*EXERCISE:*
Copy the complete listing word for word, but do not carry over any images.

*DATA SEGMENT:*
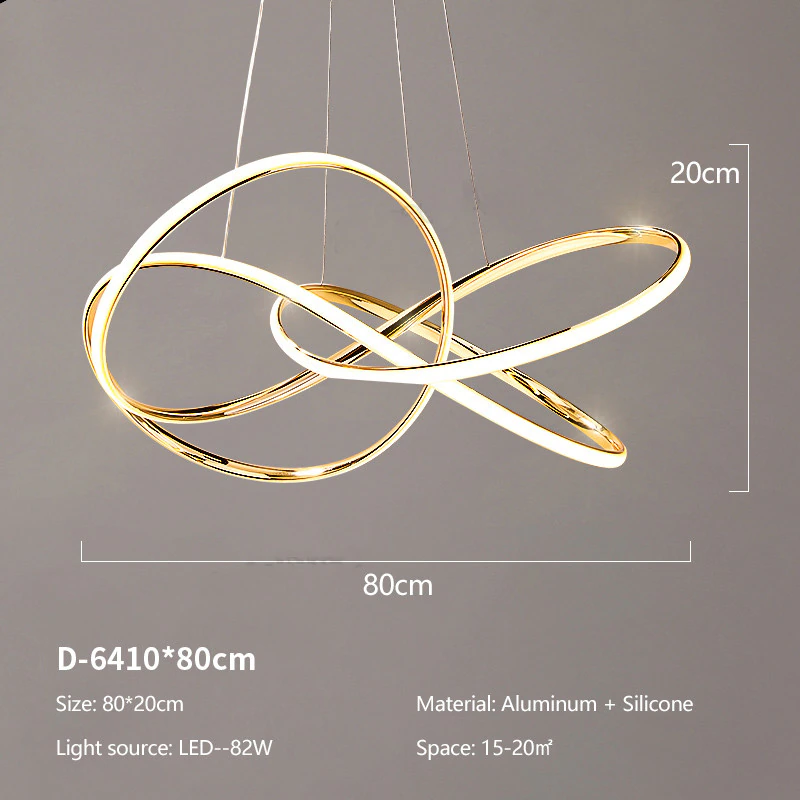 Thumbnail: Gold Finished Nordic Modern LED Chandeliers Geometric Line Lamp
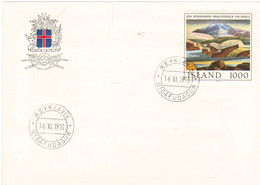 Iceland Island 1978 Hraunteigur With Hekla Volcano; Painting By Jón Stefánsson (1881-1962), MI 535 FDC - Cartas & Documentos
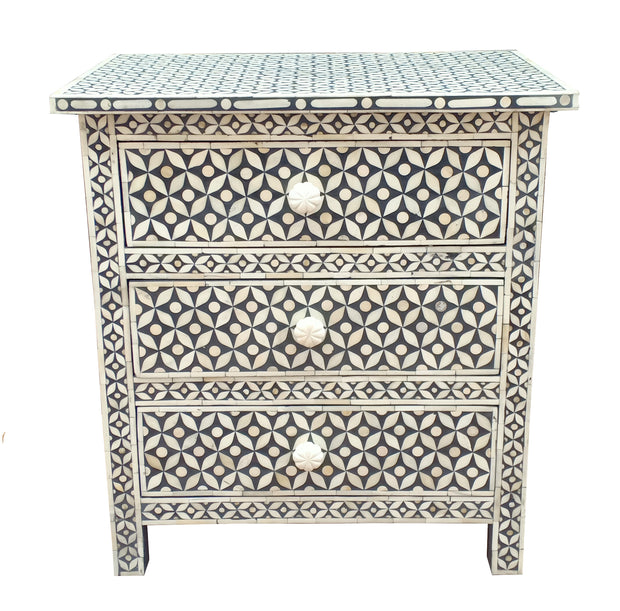 Bone Inlay Large 3 Drawer Bedside Table - Black Geometric - Abacus and Hunt Melbourne | Unique Furniture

*TASK ANSWER:*
 Thumbnail: Gold Finished Nordic Modern LED Chandeliers Geometric Line Lamp
 Iceland Island 1978 Hraunteigur With Hekla Volcano; Painting By Jón Stefánsson (1881-1962), MI 535 FDC - Cartas & Documentos
 Bone Inlay Large 3 Drawer Bedside Table - Black Geometric - Abacus and Hunt Melbourne | Unique Furniture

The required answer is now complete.